┌──
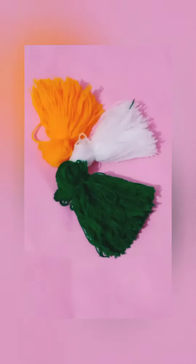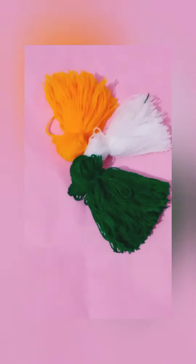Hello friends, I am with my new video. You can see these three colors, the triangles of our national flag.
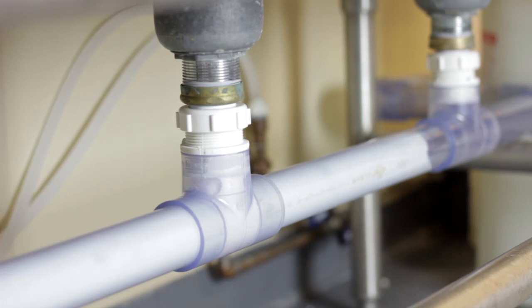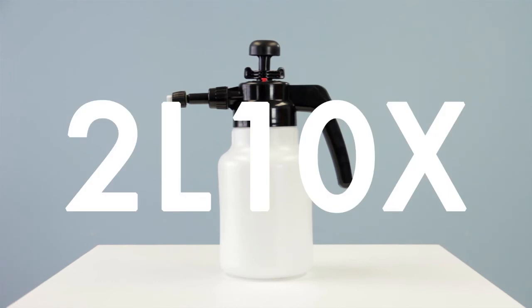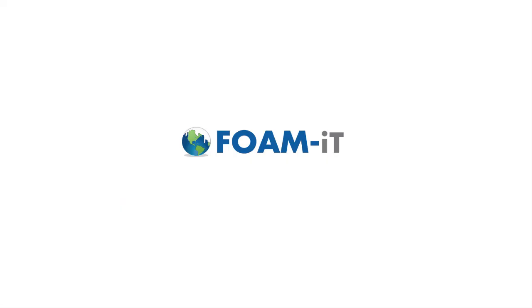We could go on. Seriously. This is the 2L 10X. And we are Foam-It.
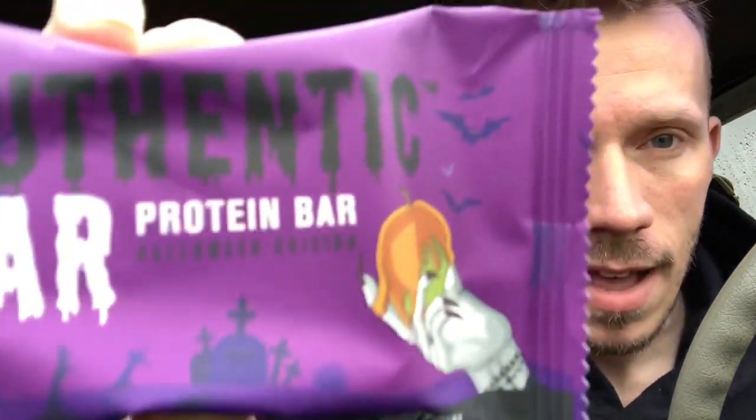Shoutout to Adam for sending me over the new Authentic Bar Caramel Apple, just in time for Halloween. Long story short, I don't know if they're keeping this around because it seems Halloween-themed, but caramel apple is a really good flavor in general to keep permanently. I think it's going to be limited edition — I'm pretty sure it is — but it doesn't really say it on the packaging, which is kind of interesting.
└──
┌──
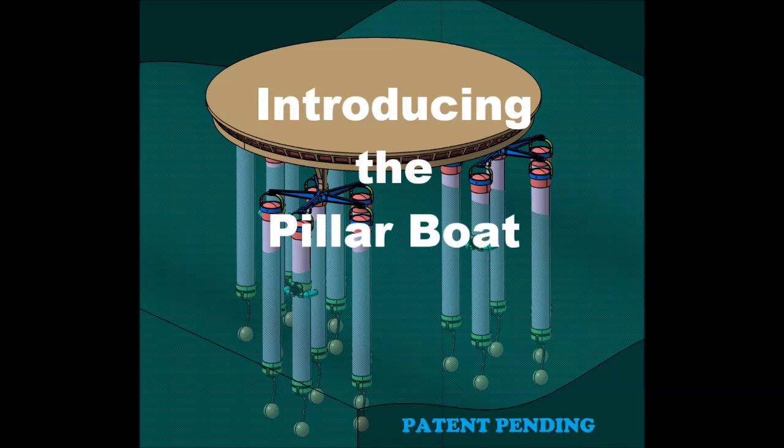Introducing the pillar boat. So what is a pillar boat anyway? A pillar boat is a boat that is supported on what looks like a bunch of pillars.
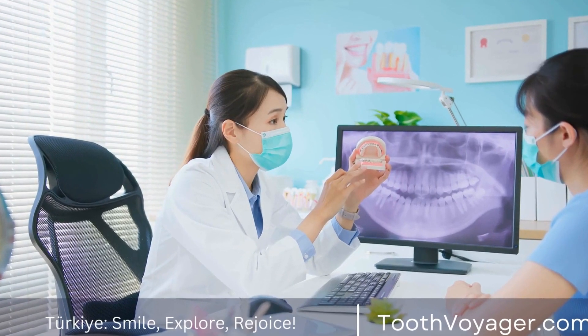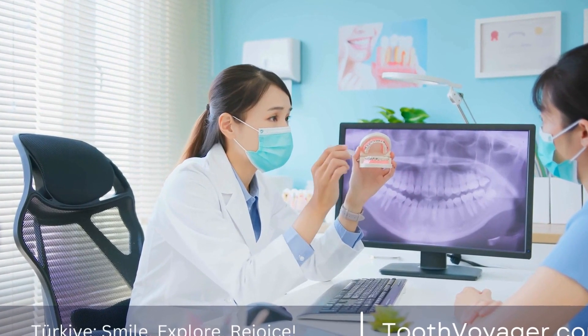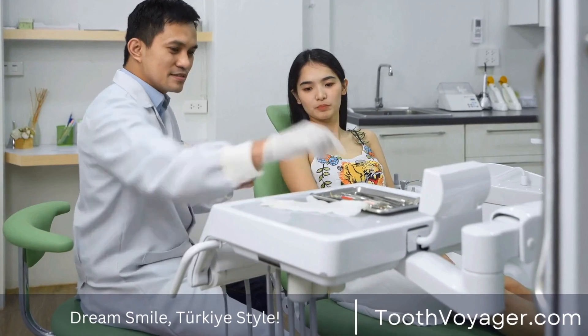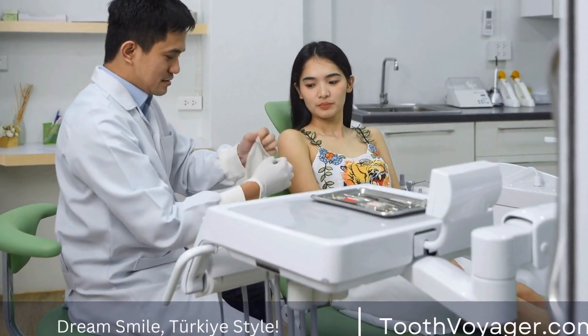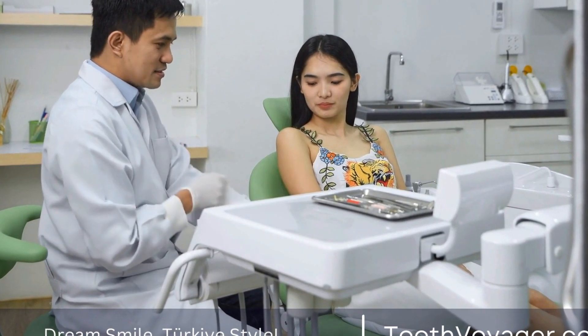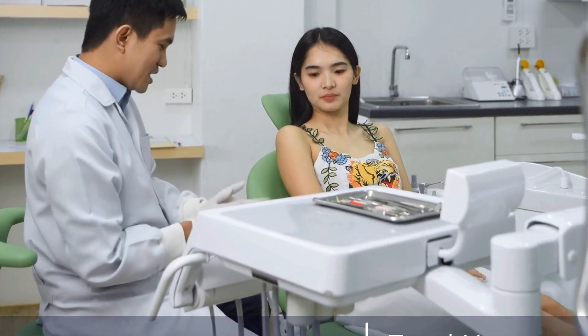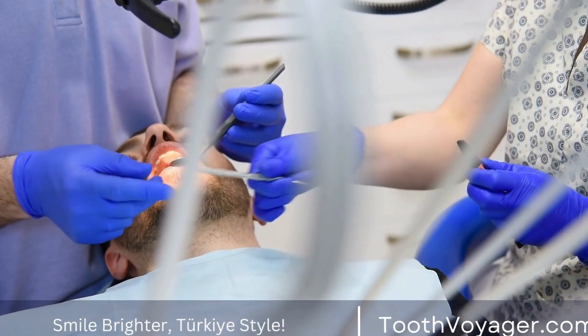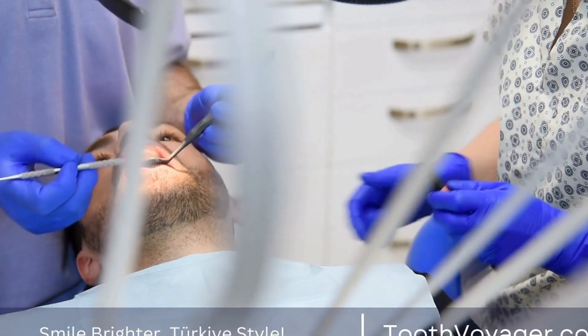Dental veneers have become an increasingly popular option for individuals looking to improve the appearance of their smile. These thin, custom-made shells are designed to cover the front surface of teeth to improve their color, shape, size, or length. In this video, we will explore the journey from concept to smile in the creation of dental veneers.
└──
WORK TASK: Reproduce word for word, with pictures dropped, only the part of the material above that opens with the line containing "Hello friends, I" and closes with the line containing "Shoutout to Adam".

EXERCISE RESULT:
Hello friends, I am with my new video. You can see these three colors, the triangles of our national flag.
We could go on. Seriously. This is the 2L 10X. And we are Foam-It.
Shoutout to Adam for sending me over the new Authentic Bar Caramel Apple, just in time for Halloween. Long story short, I don't know if they're keeping this around because it seems Halloween-themed, but caramel apple is a really good flavor in general to keep permanently. I think it's going to be limited edition — I'm pretty sure it is — but it doesn't really say it on the packaging, which is kind of interesting.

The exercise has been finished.